Further, the government has committed to reinvigorating foundation skills programs and facilitating greater support for community-based and culturally safe pathways to training.

“More Australians will be able to develop the language, literacy, numeracy and digital skills they need to participate successfully in work, education and the community.

“The Australian Skills Guarantee will ensure more Australians can gain a high-quality apprenticeship and help address long-term gender inequality issues in apprenticeships. The guarantee will set national targets for apprentices plus specific targets for women apprentices and trainees on major government-funded construction and ICT projects.

“These targets will aim to double women in apprenticeship and traineeship roles in construction projects, and triple trade apprenticeships roles by 2030,” the Treasurer said. 

Responses so far

Various organisations and bodies were quick to make their opinion known on this year’s budget.

On the training and education front, the Independent Tertiary Education Council Australia (ITECA) said investment in vocational training is a “welcome step” towards addressing the nation’s skills shortage. That being said, the council said to make the investment more effective, the government should’ve put students “at the centre of the system”.

“Framed amidst a challenging business environment, this budget needed to put students at the centre of skills funding decisions. In failing to do so, an opportunity was missed,” said Troy Williams, chief executive of the ITECA.

The budget’s funding commitments that preference public providers are limiting, Mr Williams noted, “as they do not offer students the full range of courses needed to address the skills shortage”.

“The taxpayer’s investment in skills training should allow students to choose the training organisation that is best able to help them achieve their life and career goals. The budget didn’t deliver this ambition,” he said.

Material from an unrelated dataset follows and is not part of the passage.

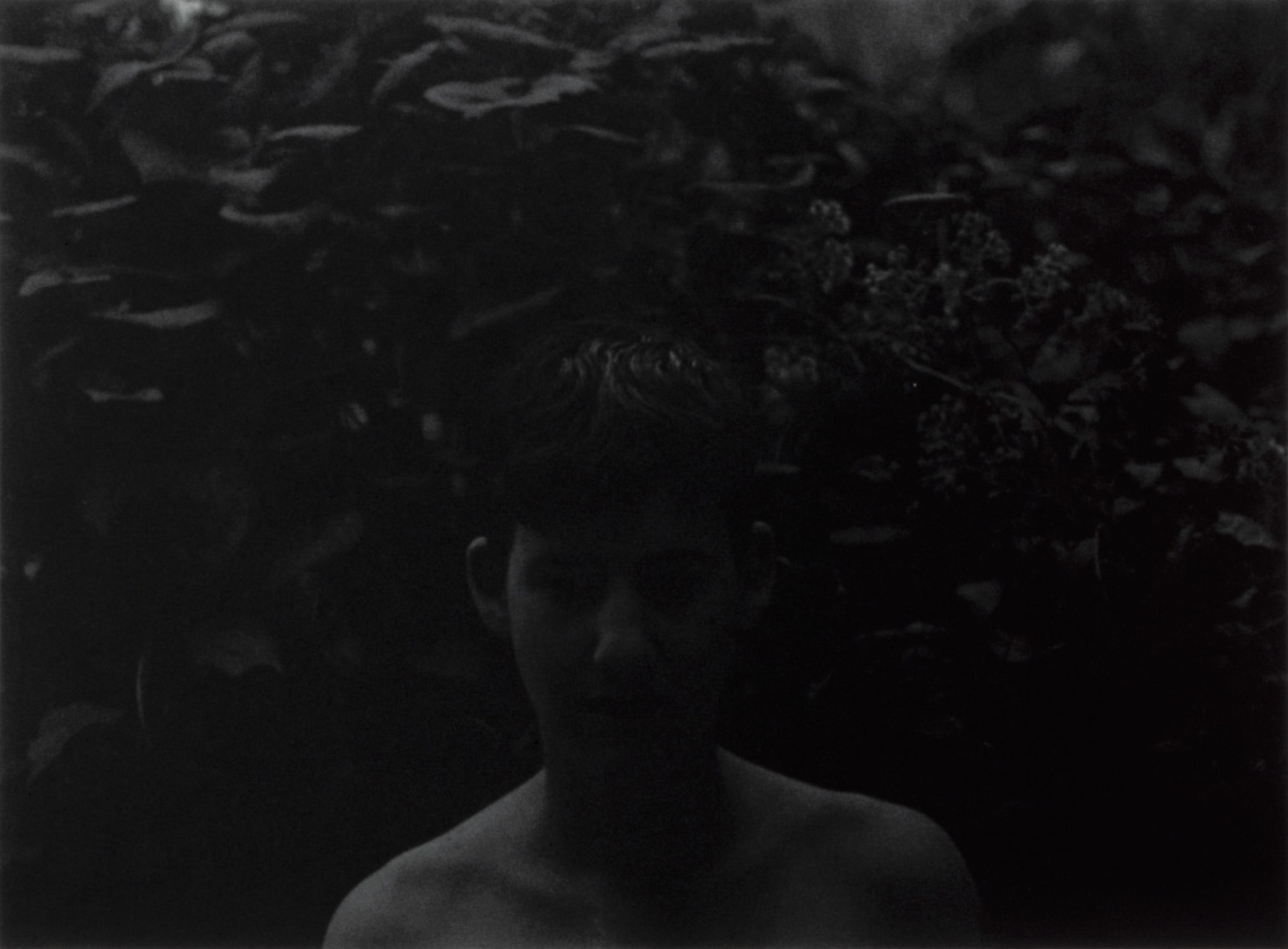 Collier Schorr, The Last to Know What It's Like to be a Traitor, 1994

“Students want government to back their decision to study with the provider of their choice. ITECA believes that this is necessary to maximise the impact of the budget’s investment in skills and support the growth of Australia’s workforce.

Committee for Economic Development of Australia (CEDA) chief economist Jarrod Ball also offered his thoughts, noting the budget “strikes the right balance between delivering targeted support to vulnerable Australians amid the cost-of-living crunch, while taking modest steps on fiscal repair”.

“The government has delivered budget restraint in line with the current economic challenges of high inflation and an uncertain economic outlook,” he said.

“Targeted measures such as increasing eligibility for the single parenting payment, modest JobSeeker increases, housing support, enhanced healthcare support and energy price relief are sensible and proportionate in the current environment. Stronger increases in income support for vulnerable Australians will be critical as economic and fiscal circumstances permit. 

“The government is to be commended for continuing to bank the spoils of a temporary tax windfall thanks to high commodity prices, the strong jobs market and healthy company profits. This budget returns 82 per cent of these windfalls while maintaining real spending growth at just 0.6 per cent a year. 

“It is encouraging to see debt will peak lower and earlier. But there’s much more work to do to ensure that the budget is brought back into balance over the medium term — despite this year’s blink-and-you-miss-it surplus.”

Looking ahead, Mr Ball noted this budget’s projected shrinking fiscal gap over the medium term “is predicated on continuing strength in the labour market, delivering higher tax receipts and lower expenditure growth”.

“Serious tax reform remains critical to shoring up the medium-term position by strengthening our capacity to afford growing demand for critical services and supports while driving greater investment and workforce participation,” he flagged.